= The data =
________________

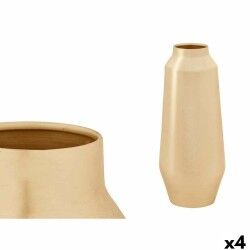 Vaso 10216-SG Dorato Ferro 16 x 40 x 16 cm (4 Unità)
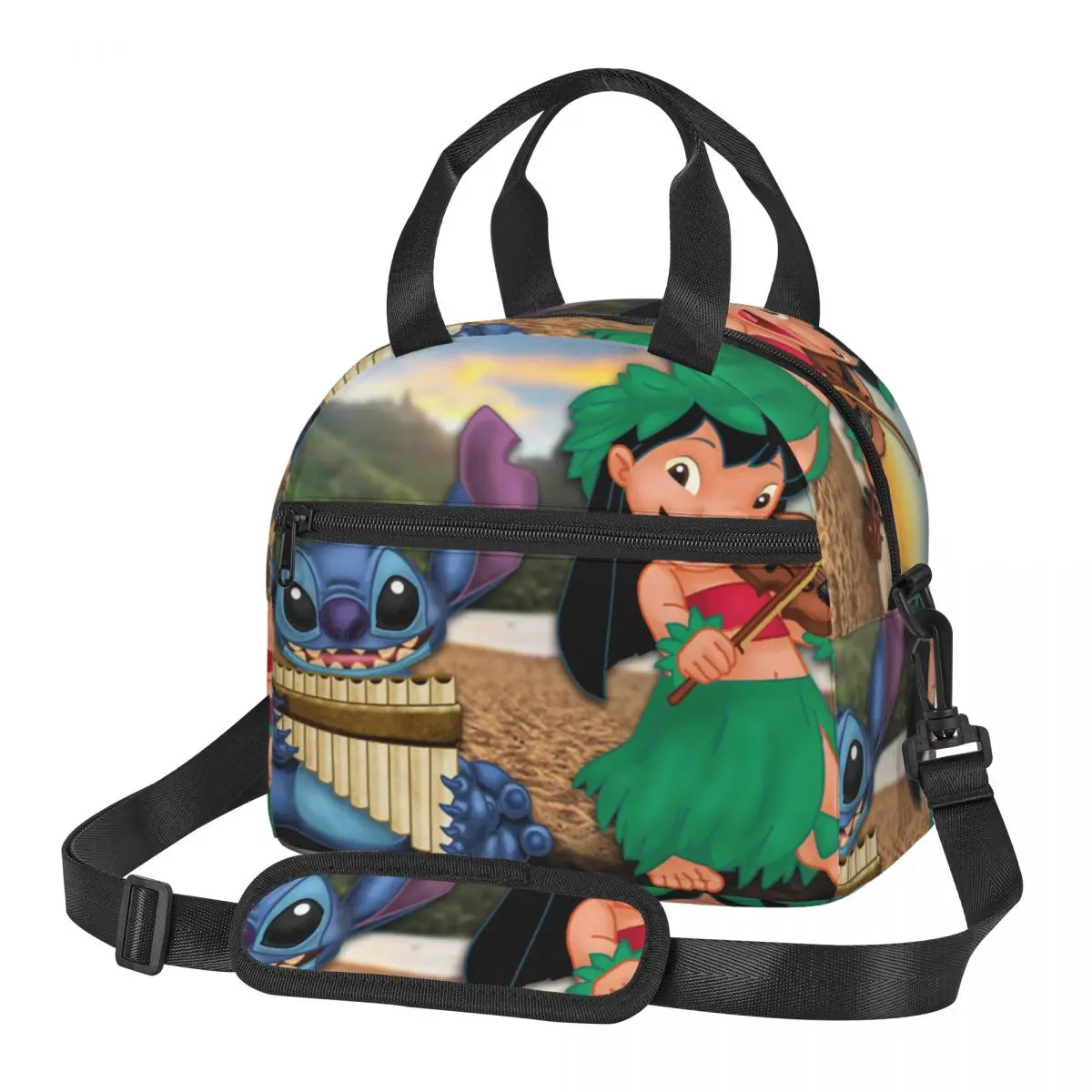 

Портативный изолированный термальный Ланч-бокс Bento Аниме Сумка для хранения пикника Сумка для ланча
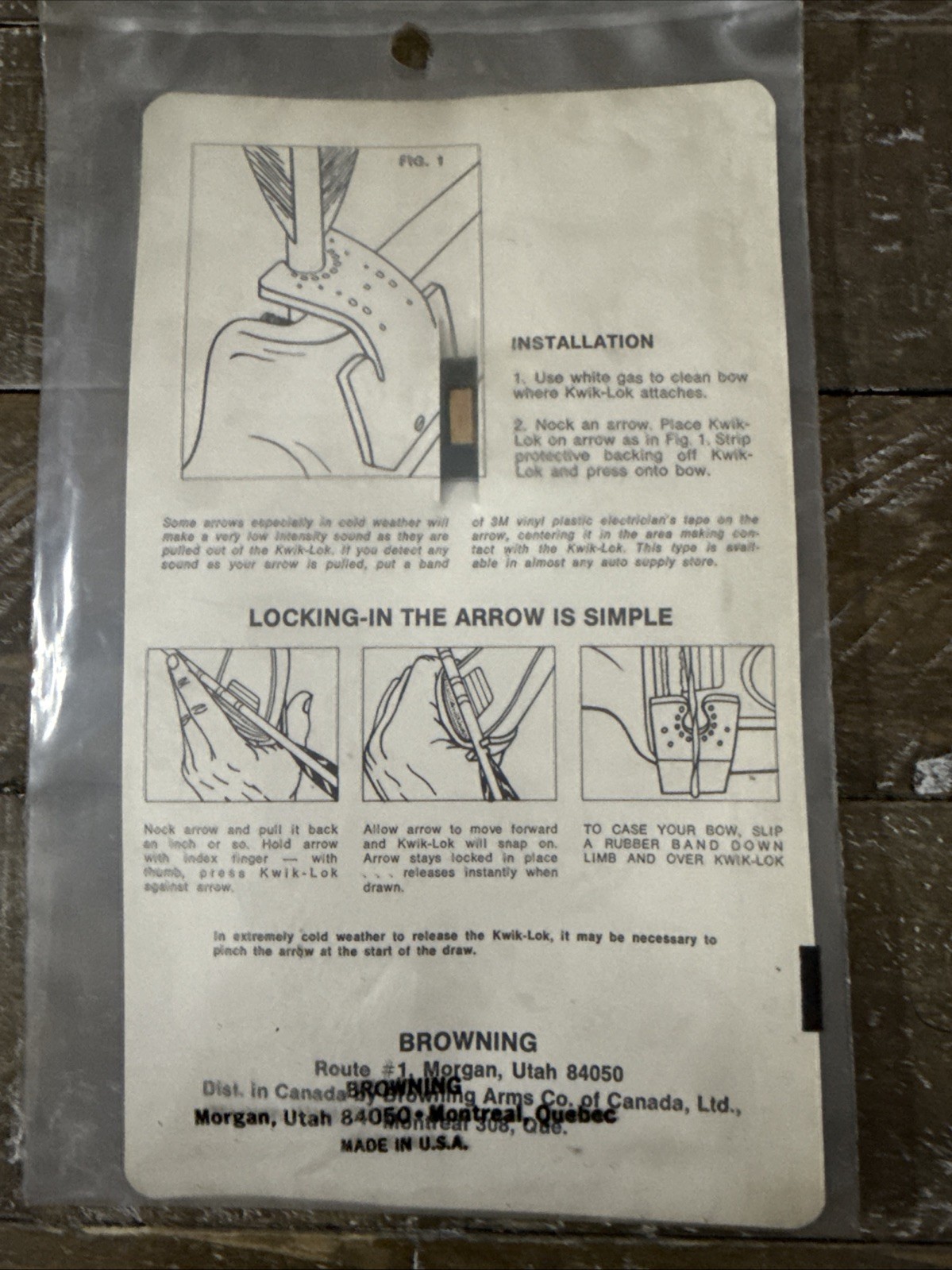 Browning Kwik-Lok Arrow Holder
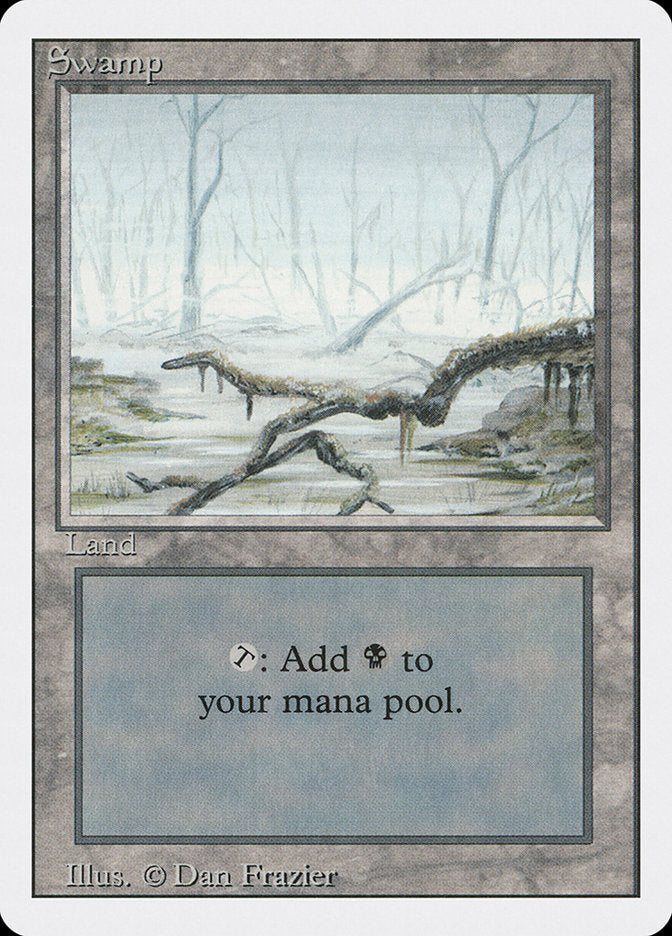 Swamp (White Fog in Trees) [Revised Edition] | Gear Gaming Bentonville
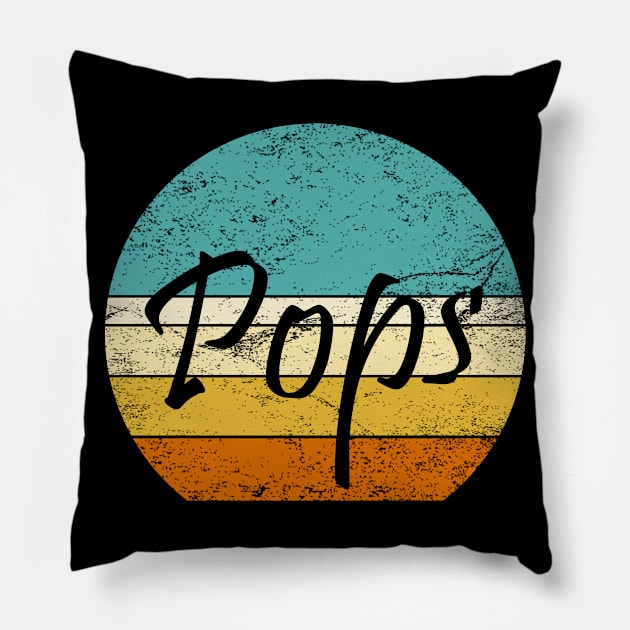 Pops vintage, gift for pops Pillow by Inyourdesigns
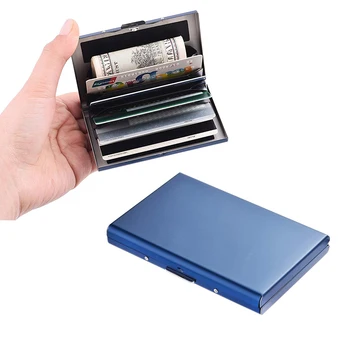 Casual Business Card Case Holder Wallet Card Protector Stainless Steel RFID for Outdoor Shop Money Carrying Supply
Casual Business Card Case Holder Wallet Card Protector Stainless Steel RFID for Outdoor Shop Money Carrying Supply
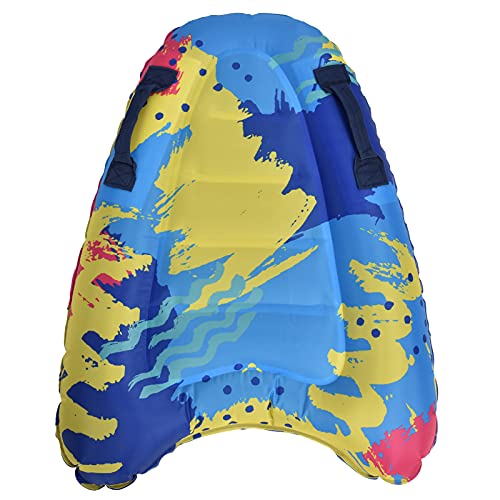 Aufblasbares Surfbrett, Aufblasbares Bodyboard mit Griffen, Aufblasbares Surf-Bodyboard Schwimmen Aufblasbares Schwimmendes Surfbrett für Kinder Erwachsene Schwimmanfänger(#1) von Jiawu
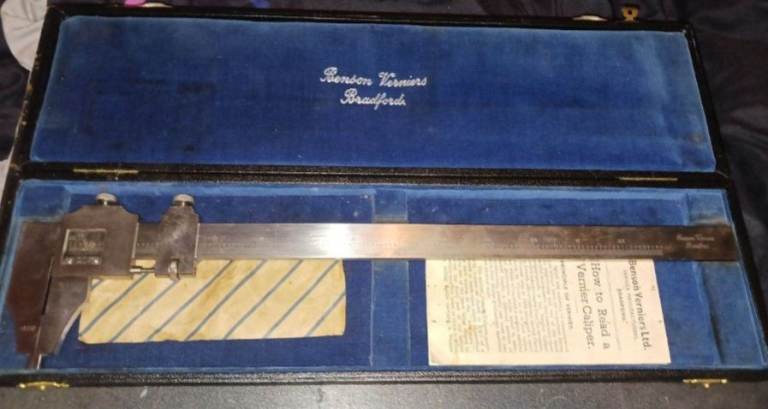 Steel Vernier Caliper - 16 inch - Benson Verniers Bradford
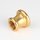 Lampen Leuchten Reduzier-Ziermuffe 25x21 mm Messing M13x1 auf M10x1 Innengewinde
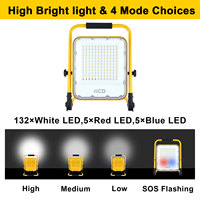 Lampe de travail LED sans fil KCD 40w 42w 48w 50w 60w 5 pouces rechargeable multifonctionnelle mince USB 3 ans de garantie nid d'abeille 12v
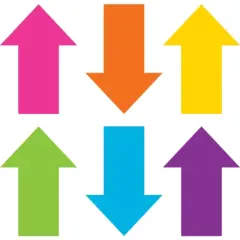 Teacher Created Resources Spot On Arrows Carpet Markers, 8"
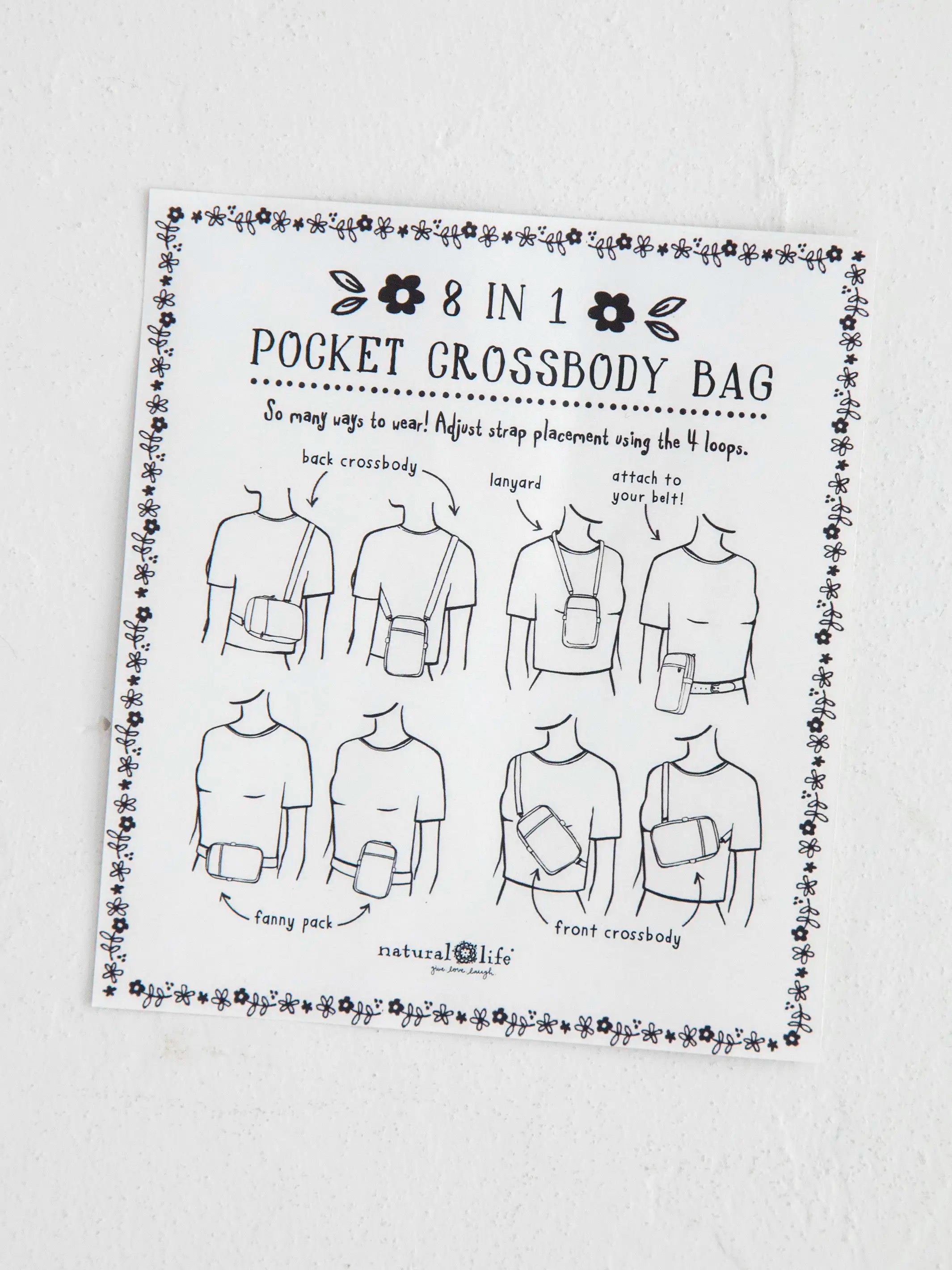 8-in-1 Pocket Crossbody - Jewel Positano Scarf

________________

= What you have to do =
Write out all the entries again, word for word, and print no images.

= Task result =
 Vaso 10216-SG Dorato Ferro 16 x 40 x 16 cm (4 Unità)

Портативный изолированный термальный Ланч-бокс Bento Аниме Сумка для хранения пикника Сумка для ланча
 Browning Kwik-Lok Arrow Holder
 Swamp (White Fog in Trees) [Revised Edition] | Gear Gaming Bentonville
 Pops vintage, gift for pops Pillow by Inyourdesigns
 Casual Business Card Case Holder Wallet Card Protector Stainless Steel RFID for Outdoor Shop Money Carrying Supply
Casual Business Card Case Holder Wallet Card Protector Stainless Steel RFID for Outdoor Shop Money Carrying Supply
 Aufblasbares Surfbrett, Aufblasbares Bodyboard mit Griffen, Aufblasbares Surf-Bodyboard Schwimmen Aufblasbares Schwimmendes Surfbrett für Kinder Erwachsene Schwimmanfänger(#1) von Jiawu
 Steel Vernier Caliper - 16 inch - Benson Verniers Bradford
 Lampen Leuchten Reduzier-Ziermuffe 25x21 mm Messing M13x1 auf M10x1 Innengewinde
 Lampe de travail LED sans fil KCD 40w 42w 48w 50w 60w 5 pouces rechargeable multifonctionnelle mince USB 3 ans de garantie nid d'abeille 12v
 Teacher Created Resources Spot On Arrows Carpet Markers, 8"
 8-in-1 Pocket Crossbody - Jewel Positano Scarf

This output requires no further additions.